2. After forking the template, clone it down locally and lets start modifying it. The first step is changing the cookiecutter.json file. For the mlops template it looks like this:
```
{
    "project_name": "project_name",
    "repo_name": "{{ cookiecutter.project_name.lower().replace(' ', '_') }}",
    "author_name": "Your name (or your organization/company/team)",
    "description": "A short description of the project.",
    "python_version_number": "3.10",
    "open_source_license": ["No license file", "MIT", "BSD-3-Clause"]
}
```
  simply add a new line to the json file with the name of the variable you want to add and the default value you want it to have.
3. The actual template is located in the {{ cookiecutter.project_name }} folder. cookiecutter works by replacing everywhere that it sees {{ cookiecutter.<variable_name> }} with the value of the variable. Therefore, if you want to add a new file to the template, just add it to the {{ cookiecutter.project_name }} folder and make sure to add the {{ cookiecutter.<variable_name> }} where you want the variable to be replaced.
4. After you have made the changes you want to the template, you should test it locally. Just run
```
cookiecutter . -f --no-input
```
  and it should create a new folder using the default values of the cookiecutter.json file.
5. Finally, make sure to push any changes you made to the template to GitHub, such that you in the future can use it by simply running
```
cookiecutter https://github.com/<username>/<my_template_repo>
```

🧠 Knowledge check

Starting from complete scratch, what is the steps needed to create a new GitHub repository and push a specific template to it as the very first commit.
Solution
1. Create a completely barebone repository, either using the GitHub UI or if you have the GitHub cli installed (not git) you can run
```
gh repo create <repo_name> --public --confirm
```
2. Run cookiecutter with the template you want to use
```
cookiecutter <template>
```
  The name of the folder created by cookiecutter should be the same as you just used.
3. Run the following sequence of commands
```
cd <project_name>
git init
git add .
git commit -m "Initial commit"
git remote add origin https://github.com/<username>/<repo_name>
git push origin master
```
That's it. The template should now have been pushed to the repository as the first commit.

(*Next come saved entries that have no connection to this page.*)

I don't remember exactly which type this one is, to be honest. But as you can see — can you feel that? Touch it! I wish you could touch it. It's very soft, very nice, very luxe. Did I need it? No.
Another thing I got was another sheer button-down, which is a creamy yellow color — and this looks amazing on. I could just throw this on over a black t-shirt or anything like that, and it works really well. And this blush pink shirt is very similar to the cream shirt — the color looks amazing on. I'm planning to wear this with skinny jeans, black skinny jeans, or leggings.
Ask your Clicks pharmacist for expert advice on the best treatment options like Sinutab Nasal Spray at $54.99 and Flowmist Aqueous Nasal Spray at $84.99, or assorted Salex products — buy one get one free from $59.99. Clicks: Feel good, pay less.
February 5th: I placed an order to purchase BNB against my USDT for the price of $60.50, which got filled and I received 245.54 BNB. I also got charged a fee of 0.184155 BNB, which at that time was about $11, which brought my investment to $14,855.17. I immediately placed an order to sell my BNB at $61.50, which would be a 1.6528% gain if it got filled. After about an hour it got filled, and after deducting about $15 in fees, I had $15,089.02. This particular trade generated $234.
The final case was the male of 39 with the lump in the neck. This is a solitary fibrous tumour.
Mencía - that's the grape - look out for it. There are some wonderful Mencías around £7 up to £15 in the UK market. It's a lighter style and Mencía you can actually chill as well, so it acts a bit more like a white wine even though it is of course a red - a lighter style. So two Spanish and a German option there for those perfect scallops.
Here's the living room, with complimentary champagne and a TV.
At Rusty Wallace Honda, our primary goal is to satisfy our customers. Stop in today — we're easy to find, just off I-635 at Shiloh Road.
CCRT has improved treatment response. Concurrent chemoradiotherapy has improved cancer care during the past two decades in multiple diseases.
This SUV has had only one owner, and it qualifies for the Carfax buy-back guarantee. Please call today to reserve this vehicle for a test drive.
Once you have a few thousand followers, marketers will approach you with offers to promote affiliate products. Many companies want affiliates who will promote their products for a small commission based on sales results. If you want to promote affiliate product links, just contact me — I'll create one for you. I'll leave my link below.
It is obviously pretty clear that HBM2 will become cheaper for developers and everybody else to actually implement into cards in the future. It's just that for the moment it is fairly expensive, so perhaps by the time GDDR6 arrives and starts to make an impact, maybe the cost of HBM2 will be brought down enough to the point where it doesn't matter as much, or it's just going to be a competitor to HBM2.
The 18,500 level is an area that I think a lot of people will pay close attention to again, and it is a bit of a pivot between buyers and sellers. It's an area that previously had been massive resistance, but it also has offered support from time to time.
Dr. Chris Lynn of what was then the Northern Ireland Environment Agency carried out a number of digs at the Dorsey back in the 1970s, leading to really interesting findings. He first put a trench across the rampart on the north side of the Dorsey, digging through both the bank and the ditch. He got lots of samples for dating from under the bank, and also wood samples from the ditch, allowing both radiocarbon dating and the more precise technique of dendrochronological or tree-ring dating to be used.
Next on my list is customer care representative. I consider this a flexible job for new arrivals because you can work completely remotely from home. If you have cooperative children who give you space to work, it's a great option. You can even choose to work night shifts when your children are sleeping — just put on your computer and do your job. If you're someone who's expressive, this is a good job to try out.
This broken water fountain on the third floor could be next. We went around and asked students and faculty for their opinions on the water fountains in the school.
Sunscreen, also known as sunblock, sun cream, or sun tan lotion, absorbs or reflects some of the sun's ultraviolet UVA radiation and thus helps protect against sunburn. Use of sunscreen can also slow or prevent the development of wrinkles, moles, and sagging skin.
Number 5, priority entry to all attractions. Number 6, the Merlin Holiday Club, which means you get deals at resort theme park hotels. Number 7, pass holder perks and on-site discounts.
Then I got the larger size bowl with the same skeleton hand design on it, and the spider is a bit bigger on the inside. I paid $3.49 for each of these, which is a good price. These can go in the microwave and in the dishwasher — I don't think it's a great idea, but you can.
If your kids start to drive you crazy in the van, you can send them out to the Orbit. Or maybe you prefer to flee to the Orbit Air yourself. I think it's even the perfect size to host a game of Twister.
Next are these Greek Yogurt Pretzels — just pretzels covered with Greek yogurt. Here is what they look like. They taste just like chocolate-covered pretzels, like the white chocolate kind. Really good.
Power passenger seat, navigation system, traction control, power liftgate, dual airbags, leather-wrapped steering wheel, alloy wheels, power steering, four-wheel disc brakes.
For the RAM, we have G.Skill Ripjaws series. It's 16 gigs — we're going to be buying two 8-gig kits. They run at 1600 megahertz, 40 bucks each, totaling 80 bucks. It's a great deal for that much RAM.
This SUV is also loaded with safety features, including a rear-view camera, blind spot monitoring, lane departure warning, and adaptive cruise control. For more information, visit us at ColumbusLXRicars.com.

That ends the module on code structure and cookiecutter. We again want to stress the point of using cookiecutter is not about following one specific template, but instead just to use any template for organizing your code. What often happens in a team is that multiple templates are needed in different stages of the development phase or for different product types because they share common structure, while still having some specifics. Keeping templates up-to-date then becomes critical such that no team member is using an outdated template. If you ever end up in this situation, we highly recommend to checkout cruft that works alongside cookiecutter to not only make projects but update existing ones as template evolves. Cruft additionally also has template validation capabilities to ensure projects match the latest version of a template.